District information
- Type: Local school district
- Grades: K-12
- Established: 2012
- Superintendent: Jeff Thelander
- Schools: 2
- Budget: $11,265,000 (2020-21)
- NCES District ID: 1918480

Students and staff
- Students: 653 (2022-23)
- Teachers: 56.42 FTE
- Staff: 56.68 FTE
- Student–teacher ratio: 11.57
- Athletic conference: Western Valley Activities Conference
- District mascot: Rams
- Colors: Maroon, Gold, and Black

Other information
- Website: www.mvaoschool.com

= Maple Valley-Anthon Oto Community School District =

Public school district in Mapleton, Iowa, United States

Maple Valley-Anthon Oto Community School District, or Maple Valley-Anthon Oto Community Schools, is a rural public school district headquartered in Mapleton, Iowa. It includes sections of Monona County and Woodbury County with small areas in Ida, and Crawford counties. It serves the towns of Mapleton, Anthon, Oto, Castana, Danbury, Rodney, and the surrounding rural areas, including the unincorporated area of Ticonic.

==History==
It was established on July 1, 2012, from the merger of the Anthon–Oto Community School District and the Maple Valley Community School District. The vote for merging the districts was scheduled for February 1, 2011.

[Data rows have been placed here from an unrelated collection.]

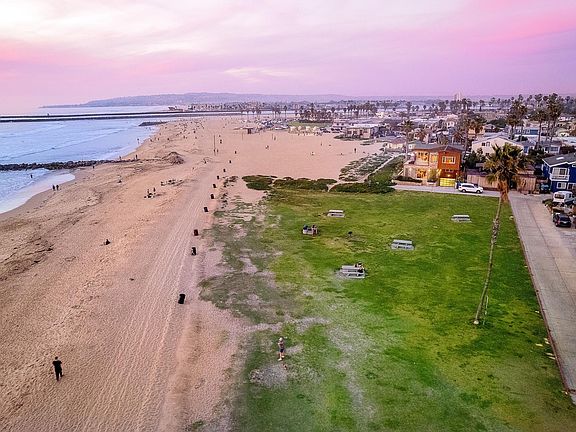 5th image of 2029 Cape May Pl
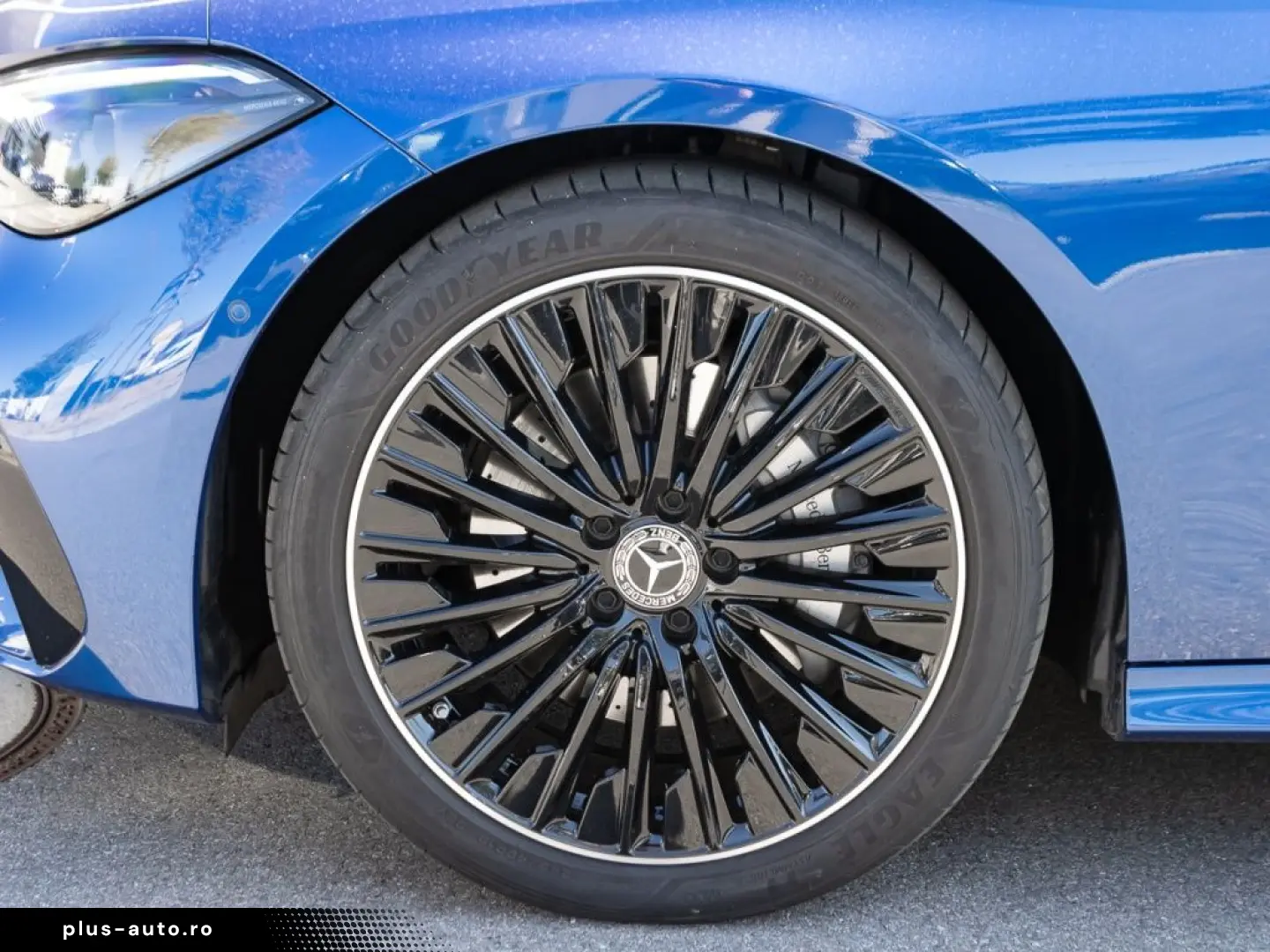 MERCEDES-BENZ CLE 300 4M AMG Line KeyGo TotW Pano Night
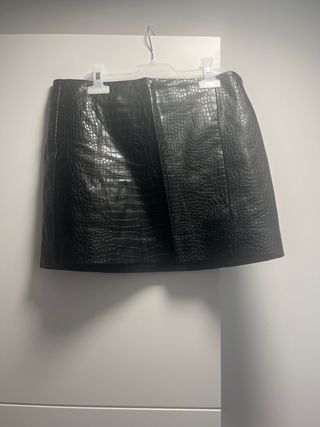 Falda mini efecto piel cocodrilo Mango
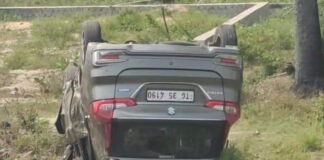 జాతీయ రహదారిపై ప్రాథమిక గాయాలతో కారు ప్రమాదం |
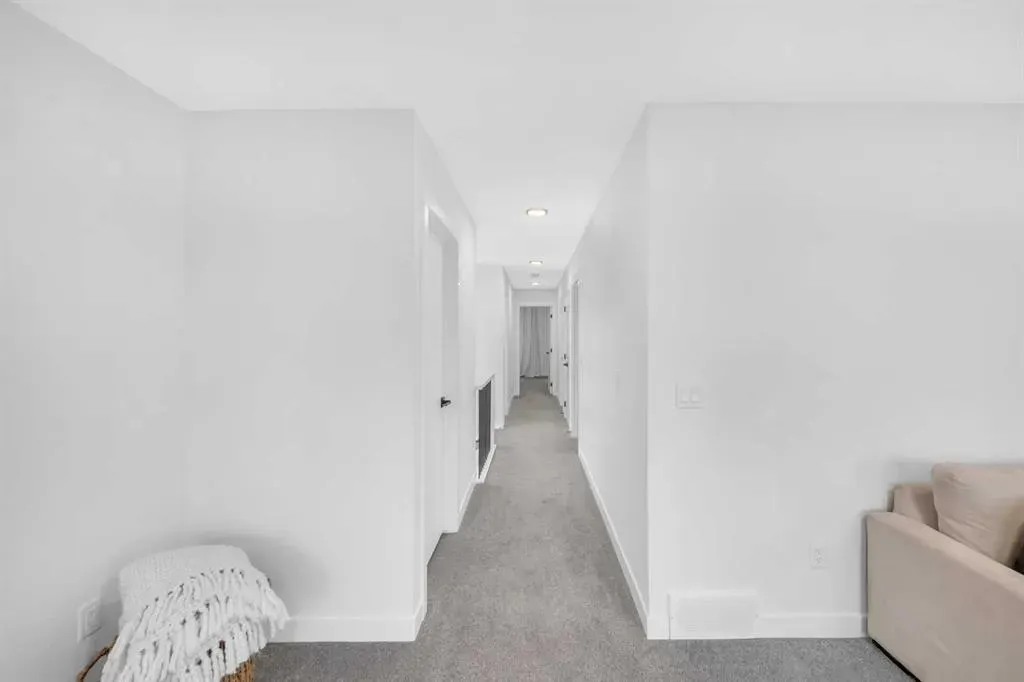 11 Heritage Circle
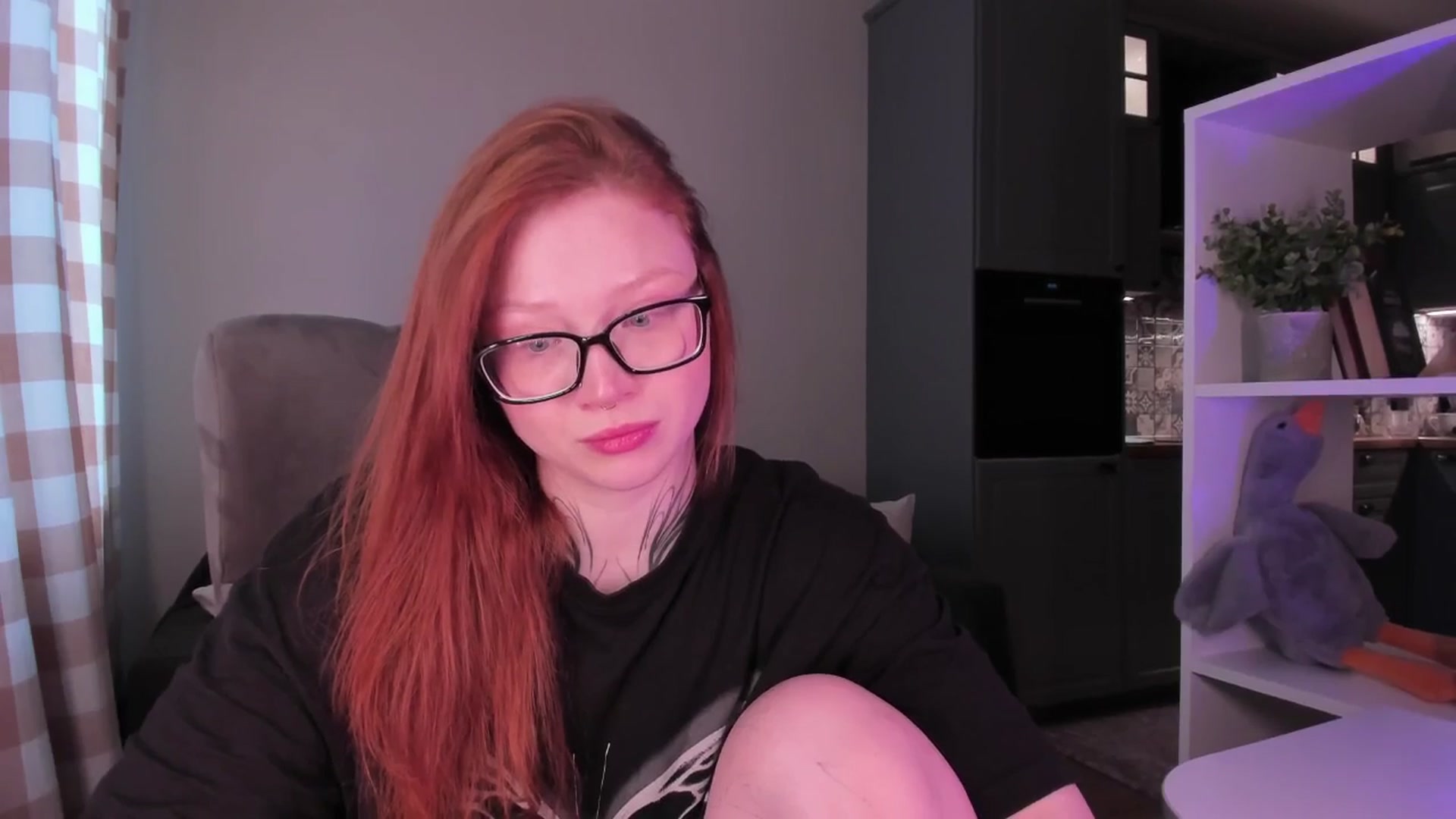Gallery image thumbnail from euphoriadance's myfreecams stream on, 04/23/2026, 07:10 image 12 of 20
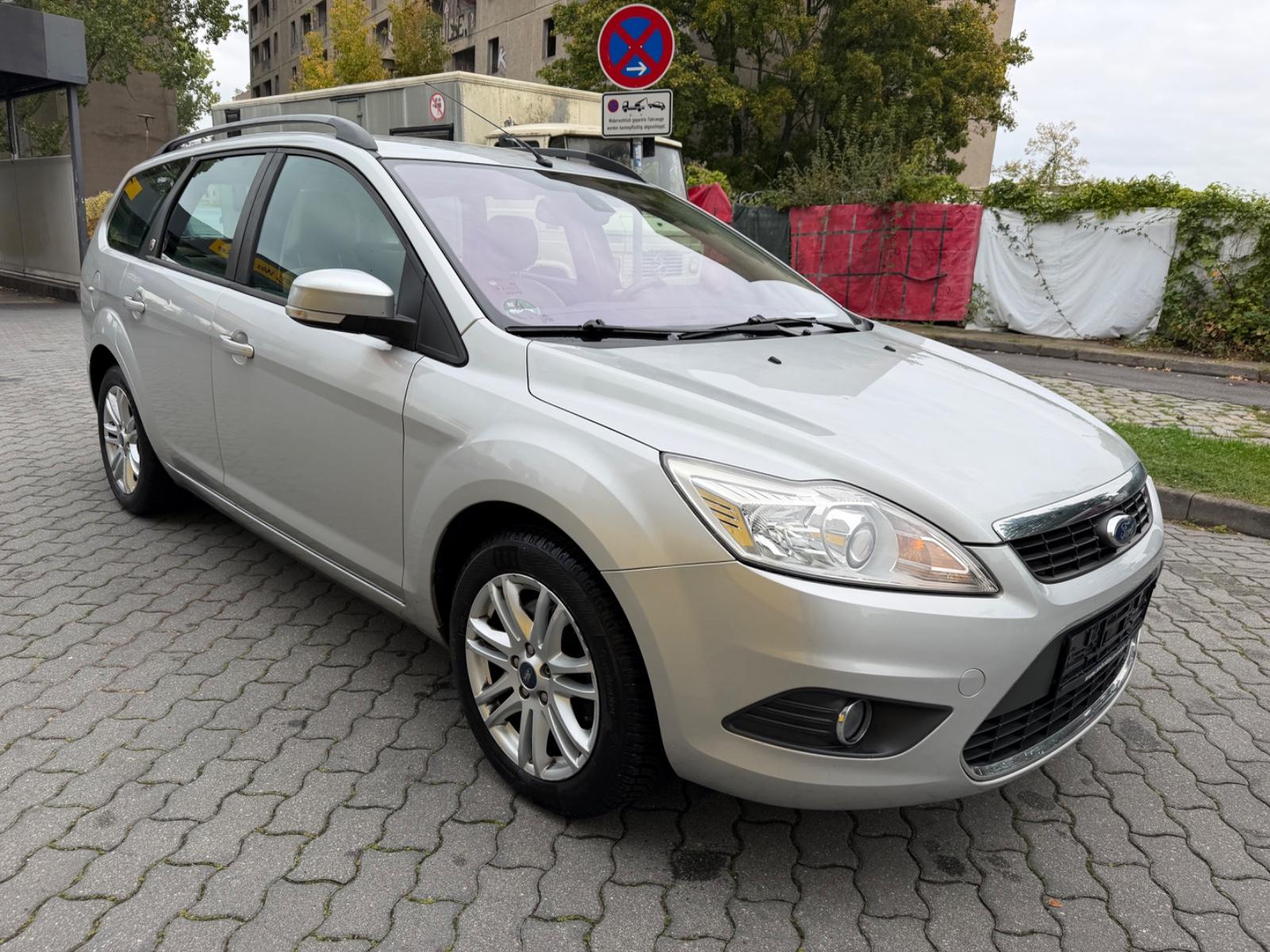 Ford Focus 2008 — interior
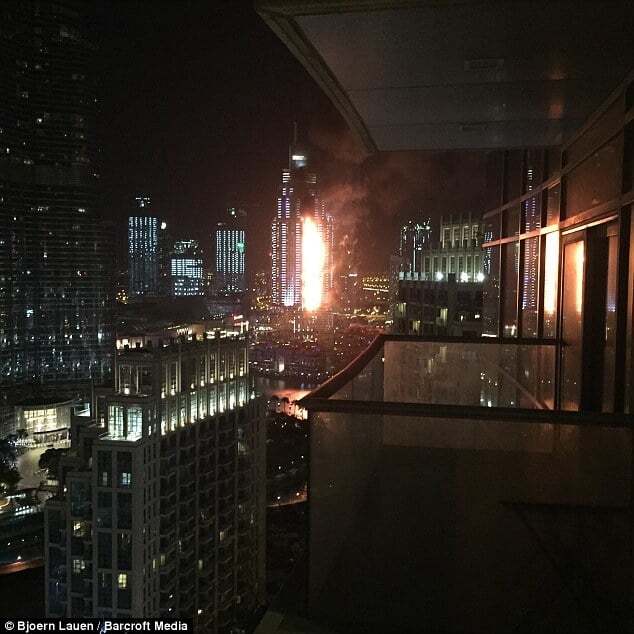 В Дубае вспыхнул отель-небоскреб, пламя охватило десятки этажей: опубликованы фото и видео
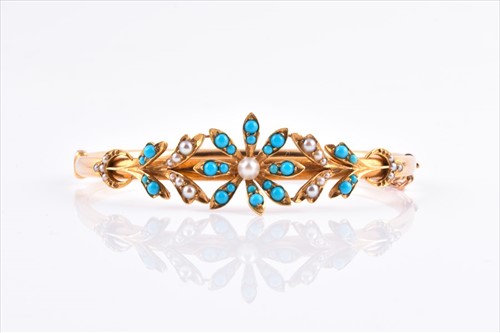 Lot 547 - A late 19th / early 20th century yellow gold,...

From 2005 until 2015 what is now known as MVAO and the MVAO of 2015 lost a total of 178 students. Due to the decline in enrollments, in January 2017 the MVAO district and the Charter Oak–Ute Community School District entered into a grade-sharing arrangement in which one district sends its students to another district for certain grade levels. As a result, the Charter Oak–Ute high school closed. MVAO High School was renamed MVAOCOU High School. Charter Oak–Ute will pay MVAO tuition costs.

Jeff Thelander has been the superintendent since 2019.

==Schools==
The district operates four schools:
- Anthon Elementary School
- Mapleton Elementary School
- MVAO Middle School
- MVAOCOU High School

===MVAOCOU High School===
====Athletics====
The Rams compete in the Western Valley Activities Conference in the following sports:
- Cross Country
- Volleyball
- Football
- Basketball
- Track and Field
- Golf
- Baseball
- Softball

====Activities====
The Rams also partake in other activities, such as Quiz Bowl.